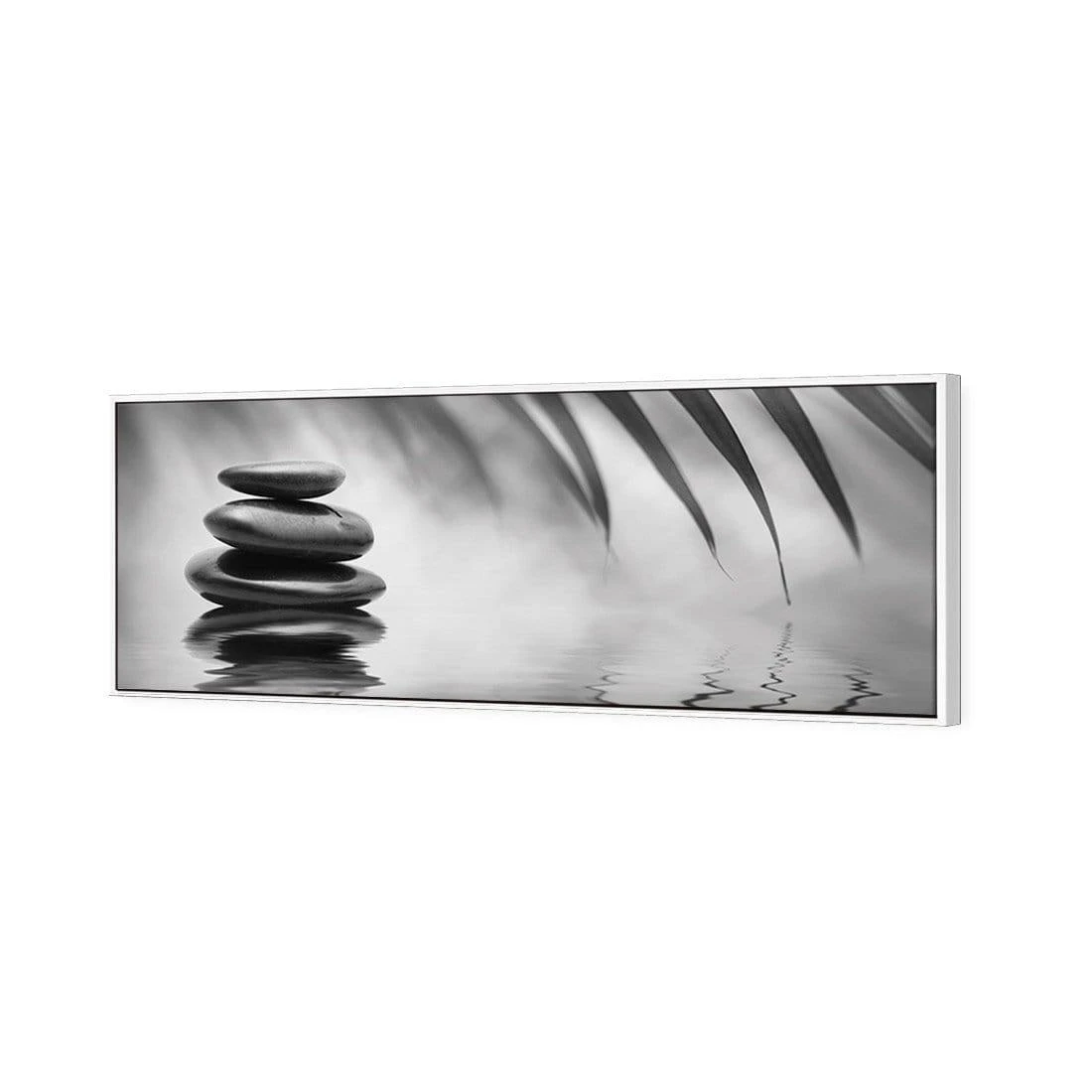 Black Stone Reflection, Black and White (Long) Black Stone Reflection, Black And White (Long) -WALL ART DESGIN SALE black stone reflection black and white long canvas white floating frame 60x20cm 926018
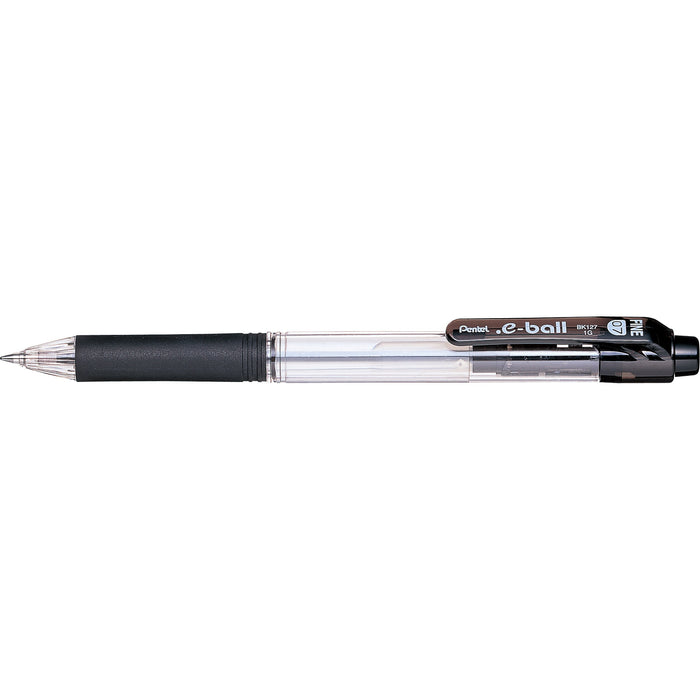 Pentel E-Ball Ballpoint Pen, 0.7mm, Black, Pack of 12 AOBK127-A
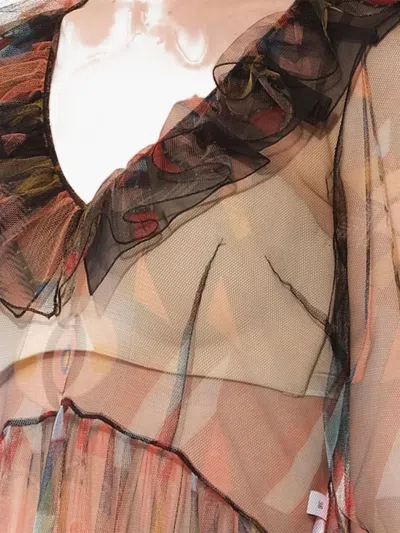 Givenchy Ruffled Sheer Dress In Multi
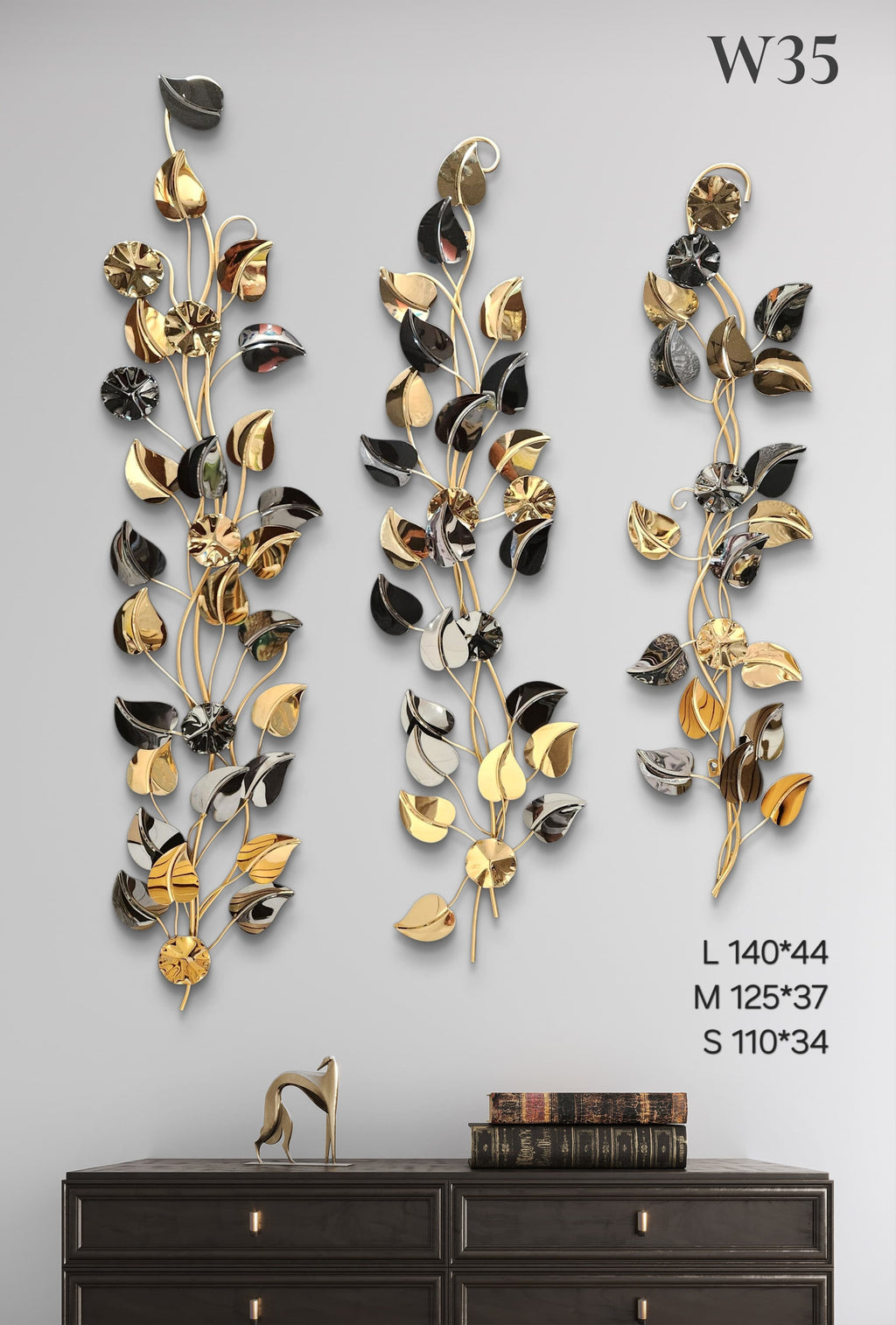 Vertical Metal Wall Art Set - Midnight Bloom Trio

■ ■ ■ ■ ■ ■ ■

_Activity:_
Leave every picture out and write out exactly the lines from the line with "Pentel E-Ball Ballpoint" through the last line of the material.

_Exercise solution:_
 Pentel E-Ball Ballpoint Pen, 0.7mm, Black, Pack of 12 AOBK127-A
 Givenchy Ruffled Sheer Dress In Multi
 Vertical Metal Wall Art Set - Midnight Bloom Trio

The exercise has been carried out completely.